Kaschmitter said that when some “girls think about engineering, they think about building structures and large machinery and getting dirty,” which she knows “some girls do enjoy.”
“But to a lot of other girls, like myself,” she said, “that’s not necessarily what we want to do. And there are so many other things you can do with an engineering degree.”
U of I-SWE members crafted a challenge that will address people living in poverty who don’t have access to clean water.
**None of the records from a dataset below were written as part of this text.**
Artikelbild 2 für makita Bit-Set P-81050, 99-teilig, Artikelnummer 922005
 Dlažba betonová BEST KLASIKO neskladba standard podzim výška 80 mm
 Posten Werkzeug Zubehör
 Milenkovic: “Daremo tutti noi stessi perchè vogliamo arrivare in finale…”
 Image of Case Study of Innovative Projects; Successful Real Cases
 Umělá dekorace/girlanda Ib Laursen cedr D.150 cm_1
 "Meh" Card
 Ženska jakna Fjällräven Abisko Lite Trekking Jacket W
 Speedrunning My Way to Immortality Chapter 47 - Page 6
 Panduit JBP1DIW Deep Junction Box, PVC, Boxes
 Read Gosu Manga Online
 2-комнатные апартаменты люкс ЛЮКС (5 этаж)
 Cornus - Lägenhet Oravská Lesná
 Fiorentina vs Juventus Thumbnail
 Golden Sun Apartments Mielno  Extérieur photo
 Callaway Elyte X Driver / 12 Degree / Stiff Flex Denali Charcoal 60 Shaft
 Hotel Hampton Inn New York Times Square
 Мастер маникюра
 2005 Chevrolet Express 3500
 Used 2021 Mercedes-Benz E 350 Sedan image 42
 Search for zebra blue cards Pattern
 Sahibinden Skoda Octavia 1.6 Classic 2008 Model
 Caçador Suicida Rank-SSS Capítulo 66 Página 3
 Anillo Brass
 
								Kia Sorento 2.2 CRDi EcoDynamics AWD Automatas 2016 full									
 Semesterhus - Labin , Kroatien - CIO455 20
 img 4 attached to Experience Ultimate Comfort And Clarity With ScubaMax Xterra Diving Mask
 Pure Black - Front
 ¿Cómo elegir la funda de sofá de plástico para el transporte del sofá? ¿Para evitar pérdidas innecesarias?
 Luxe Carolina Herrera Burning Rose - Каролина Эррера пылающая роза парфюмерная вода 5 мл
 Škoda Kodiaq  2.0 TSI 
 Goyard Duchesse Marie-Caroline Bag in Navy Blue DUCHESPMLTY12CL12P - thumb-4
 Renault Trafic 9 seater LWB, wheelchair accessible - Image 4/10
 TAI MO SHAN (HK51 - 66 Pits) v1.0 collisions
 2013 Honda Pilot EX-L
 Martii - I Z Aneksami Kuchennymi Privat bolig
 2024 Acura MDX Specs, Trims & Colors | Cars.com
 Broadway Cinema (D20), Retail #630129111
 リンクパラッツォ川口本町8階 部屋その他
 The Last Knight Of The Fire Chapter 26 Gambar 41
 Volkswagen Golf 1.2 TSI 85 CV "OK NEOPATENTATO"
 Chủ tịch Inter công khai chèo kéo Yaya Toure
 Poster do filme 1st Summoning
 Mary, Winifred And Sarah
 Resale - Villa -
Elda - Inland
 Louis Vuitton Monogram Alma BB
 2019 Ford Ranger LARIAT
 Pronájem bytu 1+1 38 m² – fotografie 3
Participants will be split into groups, given basic instructions on strategies for construction of a water filtration system, have time to draw a design, and then “purchase” materials provided by U of I-SWE.
Upon completion of the project, participants will be judged on teamwork, creativity, management of their budget, and overall workability of the device.
“The point is to make the mechanism cost effective and efficient,” Kaschmitter said. “We’re going to throw in some things that you could use but aren’t as useful to the system, which they need to be able to figure out.”
Women in Engineering Day attendees also get to tour various departments in the College of Engineering, hear from faculty members about their research and learn what opportunities undergraduate engineering students have to be involved in hands-on research.
“I’m looking forward to meeting the girls and hopefully seeing them next year at U of I-SWE meetings,” Curtright said. “I want to show them that engineering is cool and that they can do it, they can make it.”